Web page caption snippets
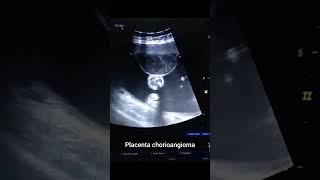 placenta chorioangioma#imaging #ultrasound #medicalimaging #learning #medicine #viral #gynecologist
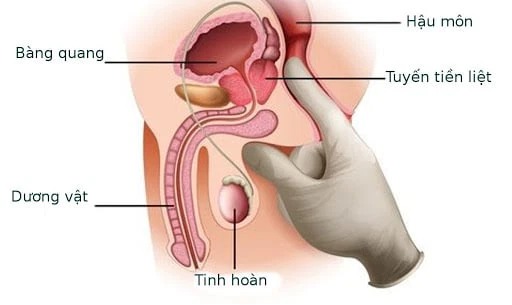Tuyến tiền liệt - Điểm G chính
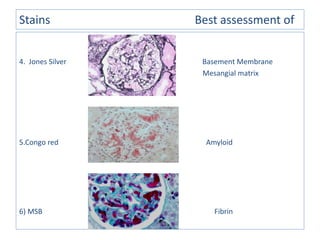 Stains Best assessment of
4. Jones Silver Basement Membrane
Mesangial matrix
5.Congo red Amyloid
6) MSB Fibrin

§ Work instruction
Starting at the line that contains "4. Jones Silver Basement Membrane", output every remaining line of the data exactly, and stop after the last one.

§ Reply to the exercise
4. Jones Silver Basement Membrane
Mesangial matrix
5.Congo red Amyloid
6) MSB Fibrin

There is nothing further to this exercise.